Quanto al merito del ricorso va ricordato che, con riferimento alla parte del debito tributario per IVA, questa Corte ha più volte affermato come l‘applicazione dell’art.12 della legge citata, consentendo di definire una cartella esattoriale con il pagamento del 25% dell’importo iscritto a ruolo, comporti una rinuncia definitiva dell’Amministrazione alla riscossione di un credito già definitivamente accertato. Tale articolo, limitatamente ai crediti per IVA, va disapplicato per contrasto con la VI direttiva n.77/388/CEE del Consiglio del 17.5.1977. Tale conclusione va assunta alla stregua di un’interpretazione adeguatrice imposta dalla sentenza della Corte di Giustizia CE del 17 luglio 2008, con cui è stata dichiarata l’incompatibilità con il diritto comunitario (in particolare con gli artt. 2 e 22 della citata VI direttiva) e degli artt. 8 e 9 della medesima legge, nella parte in cui prevedono la condonabilità dell’IVA alle condizioni ivi indicate (Cass. Sez. U del 17/02/2010 n. 3674).
Per quanto riguarda la parte del debito d’imposta per IRPEF, la doglianza alla sentenza impugnata dell’Agenzia delle Entrate è per altro verso del pari fondata.
Giova ricordare che l’art. 12 legge 289/2002, prevede una speciale procedura per la definizione dei carichi inclusi in ruoli emessi da uffici statali e affidati ai concessionari della riscossione mediante pagamento del 25% dell’importo iscritto a ruolo che non esige alcuna attestazione di regolarità del condono e del pagamento integrale dell’importo dovuto, gravando integralmente sul contribuente l’onere di provare la corrispondenza tra quanto versato e il ruolo oggetto della controversia. Tale forma dì sanatoria costituisce una forma di condono c.d. clemenziale e non premiale, come invece nelle ipotesi regolate dagli artt.7, 8, 9, 15 e 16 della legge 289/2002, le quali attribuiscono invece al contribuente il diritto potestativo di chiedere un accertamento straordinario.

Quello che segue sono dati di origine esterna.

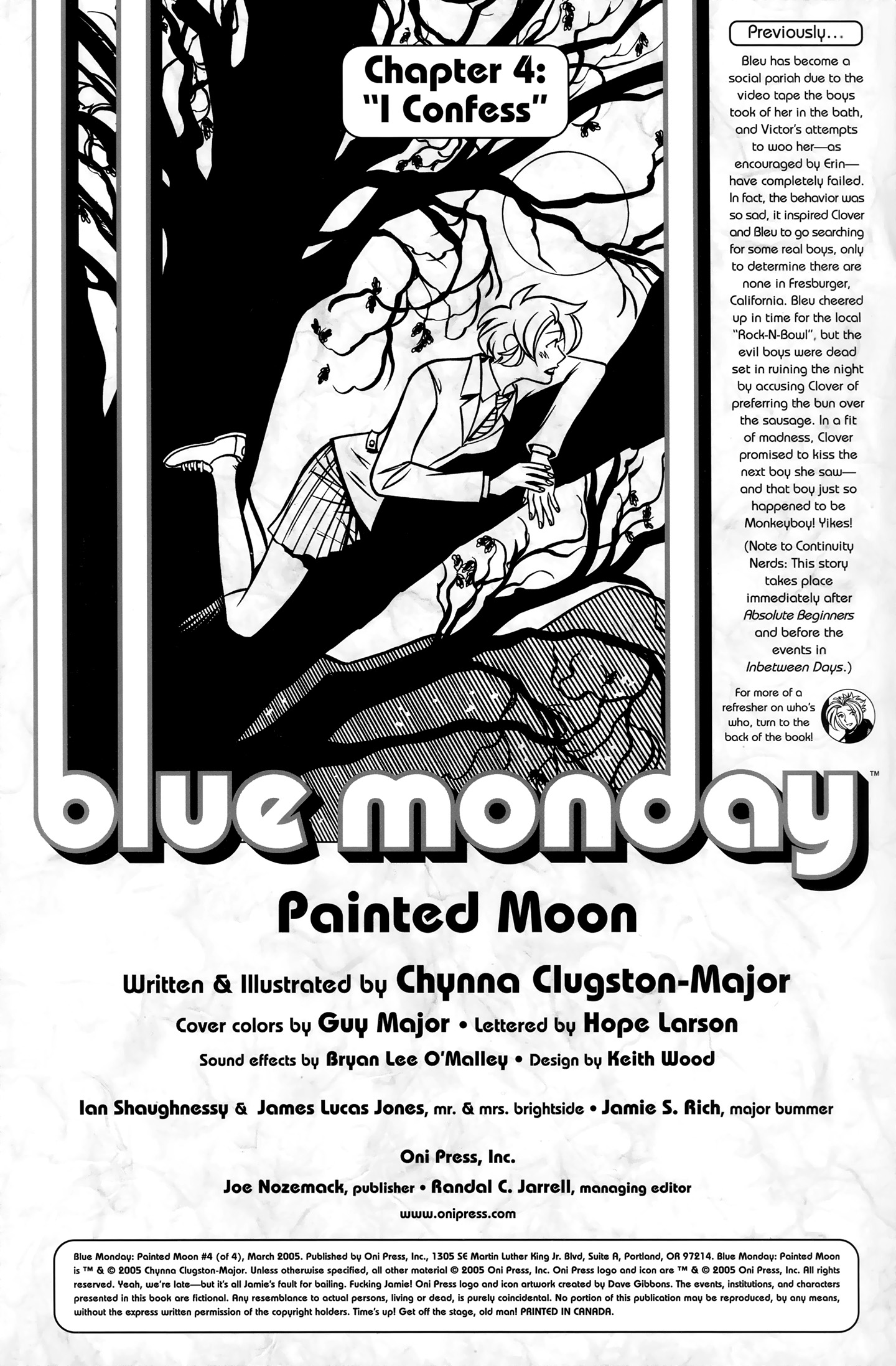 Read online Blue Monday: Painted Moon comic -  Issue #4 - 2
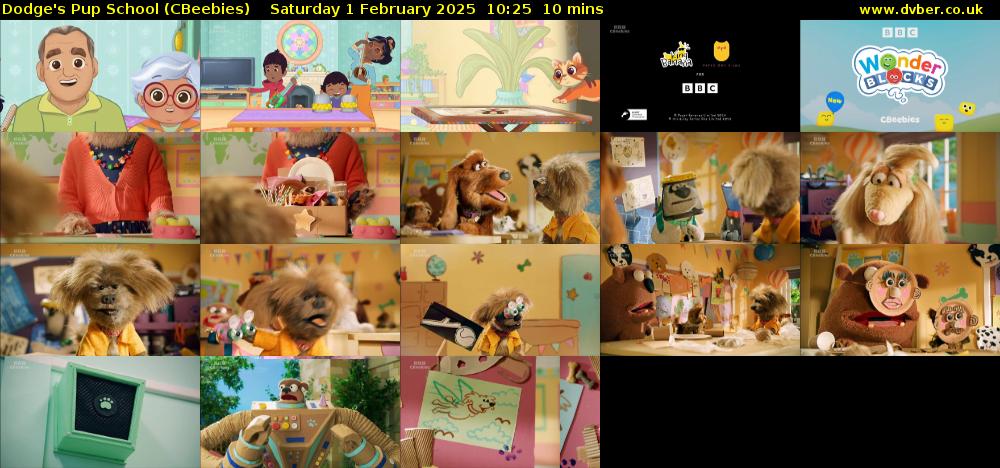 Dodge's Pup School (CBeebies) Saturday 1 February 2025 10:25 - 10:35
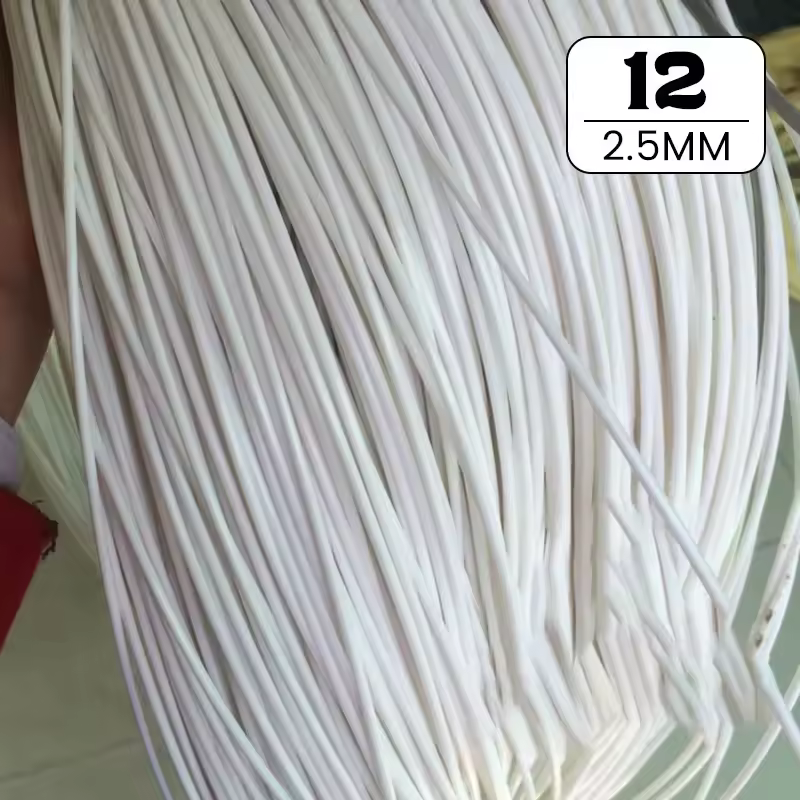 2.5/3Cm 500G Round Pe Rattan Plastic Synthetic Rattan Weaving Raw Material Knit Furniture Repair Chair Table Storage Basket Tool - Image 26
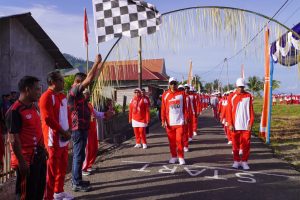 43 Peserta  Ikuti Lomba Gerak Jalan Meriahkan HUT RI Ke 78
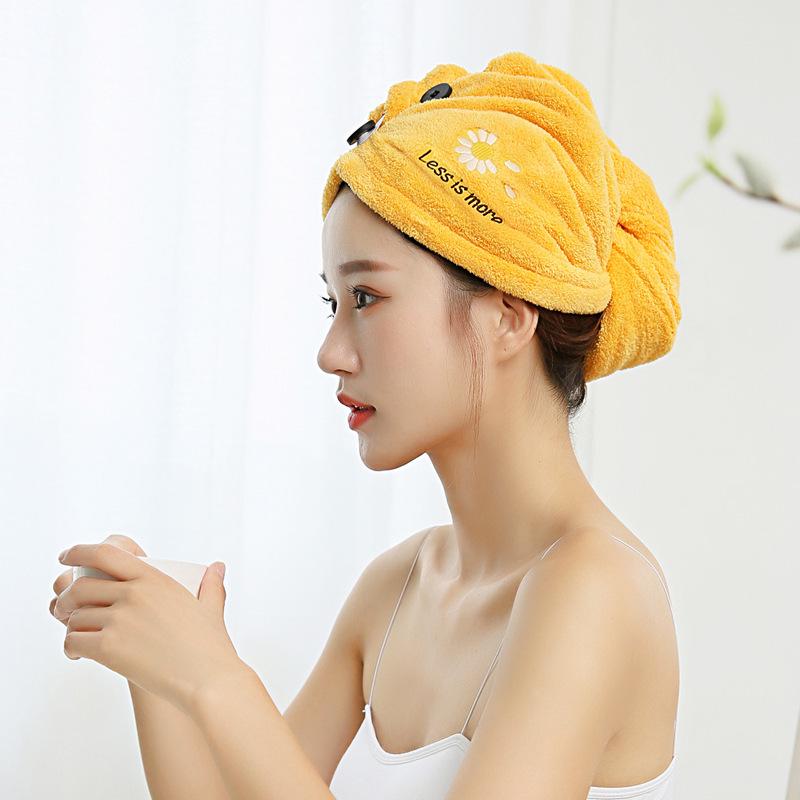 Premium Coral Fleece Quick-Dry Hair Towel Cap - Super Absorbent & Thickened for Women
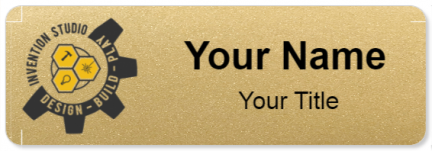 Custom name badges for Invention Studio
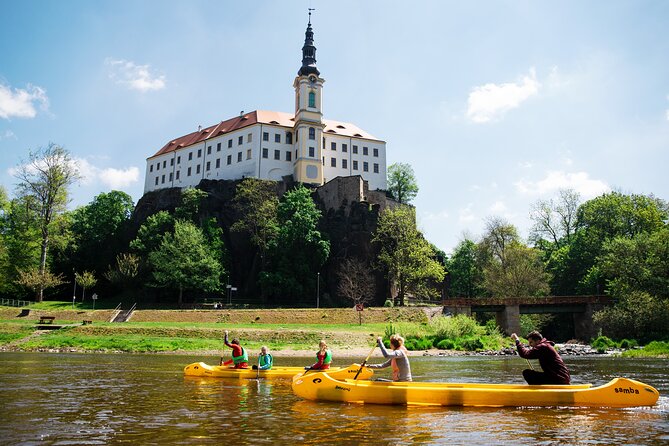 Canoeing on the Elbe river from Děčín to Bad Schandau - Getting back to Děčín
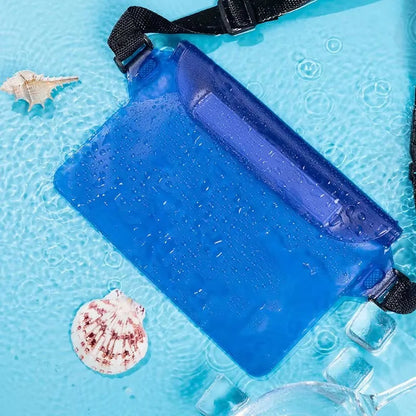 3-Layer High Waterproof Sealing Phone Dry Bag - Large Size Transparent Underwater Pouch for iPhone Mobile Phone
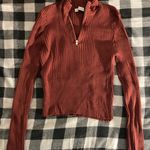 Active USA Red Brown Long Sleeve Large Photo 0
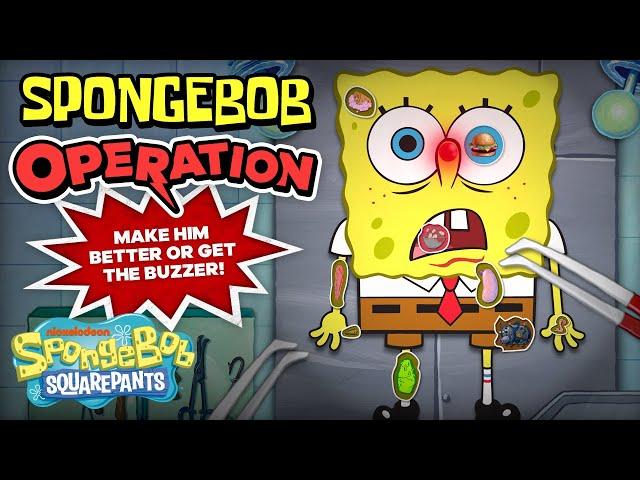 "Operation" SpongeBob | Every Time SpongeBob Had a Body Part Removed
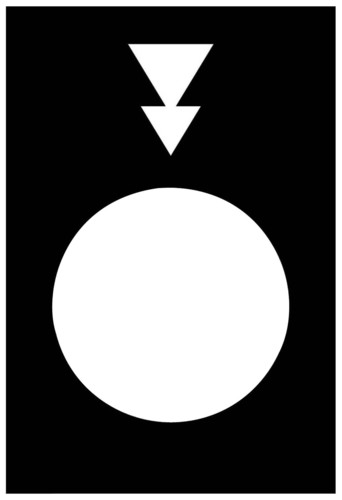 Schneider Electric Symbolschild schwarz ZB2BY2956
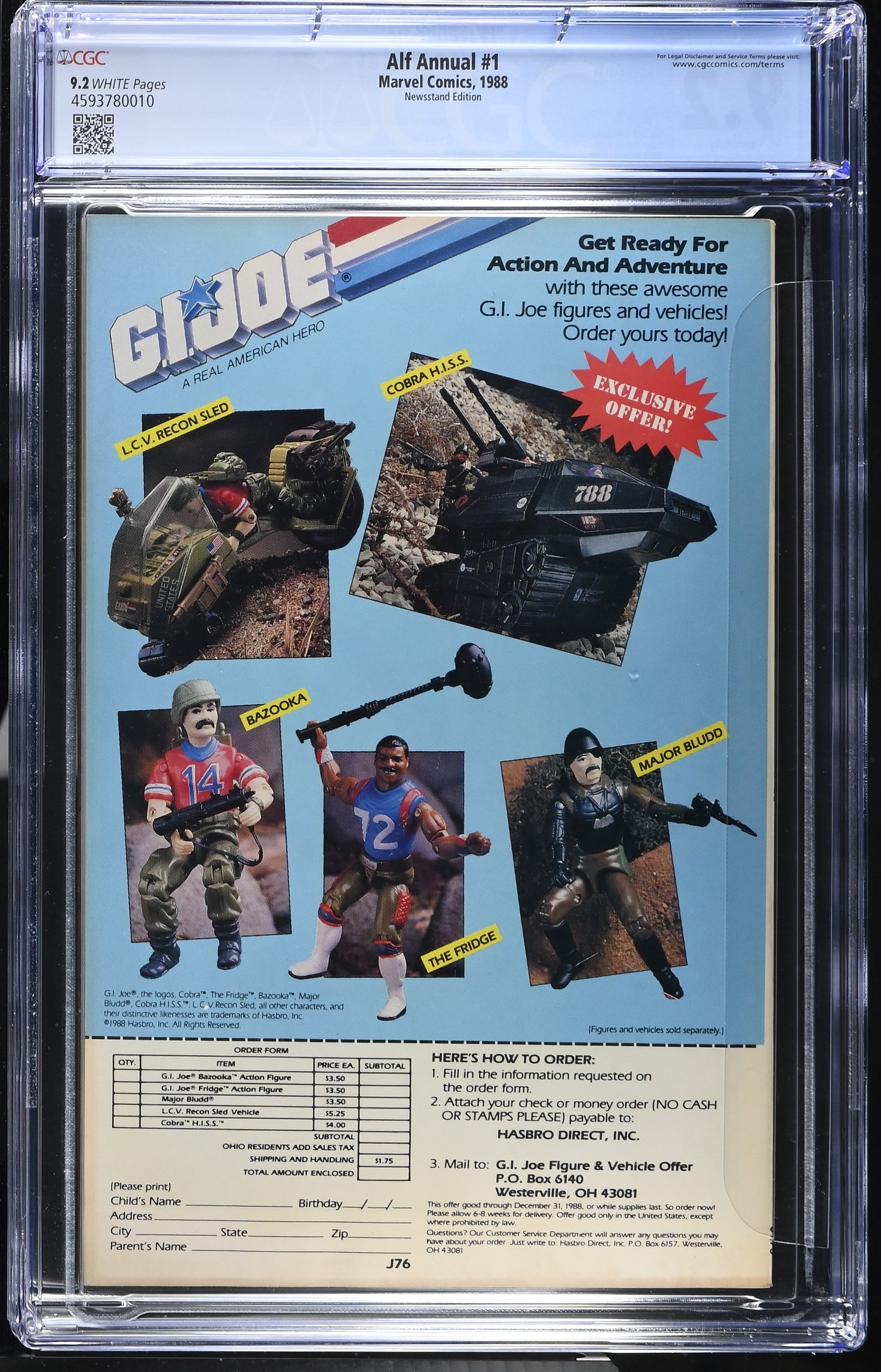 Alf Annual #1 (1988) Graded CGC 9.2 Newsstand Edition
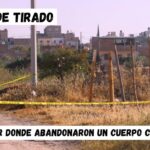 En Ejido de Tirado de San Miguel de Allende, dejan lona junto a cuerpo calcinado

Nell’ipotesi di cui all’art.12 non si determina perciò alcuna incertezza in ordine alla determinazione del quantum da versare per la favorevole definizione della lite. La sanatoria pertanto è condizionata all’integrale pagamento dell’importo dovuto, tal che l’omesso o il ritardato versamento delle rate successive alla prima escludono la definizione della lite pendente e determinano la decadenza dalla sanatoria (Cass. Sez 6-5 Ordinanza del 24/10/2016 n.21416; Sentenza Sez 5 n.20746/2010). Né possono ritenersi applicabili, per interpretare l’art. 12 in via analogica, gli articoli artt. 7 c.5; 8 c.3; 9 c.12; 15 c.5 e 16 c.2 della medesima legge n. 289/2002 – che escludono la decadenza dal beneficio anche in caso di omesso o ritardato versamento di rate successive alla prima – dal momento che le singole disposizioni condonistiche hanno tutte natura derogatoria e vanno applicate ciascuna isolatamente con criterio di stretta interpretazione pur se contenute nello stesso testo di legge (Cass. Sez. 5 Ord. del 06/07/2018 n. 17796).
In accoglimento del ricorso dell’Agenzia la sentenza della CTR impugnata va cassata e poiché non sono necessari ulteriori accertamenti la causa può essere decisa nel merito con la reiezione del ricorso introduttivo del contribuente.
Considerato il difforme esito della causa nelle fasi merito sussistono i presupposti per disporre l’integrale compensazione tra le parti della spese dei gradi di merito.
P.Q.M.
Accoglie il ricorso. Cassa la sentenza impugnata e decidendo nel merito rigetta il ricorso introduttivo. Condanna al pagamento delle spese di legittimità pari ad 5.600,00 oltre a spese prenotate a debito. Compensa le spese dei gradi di merito.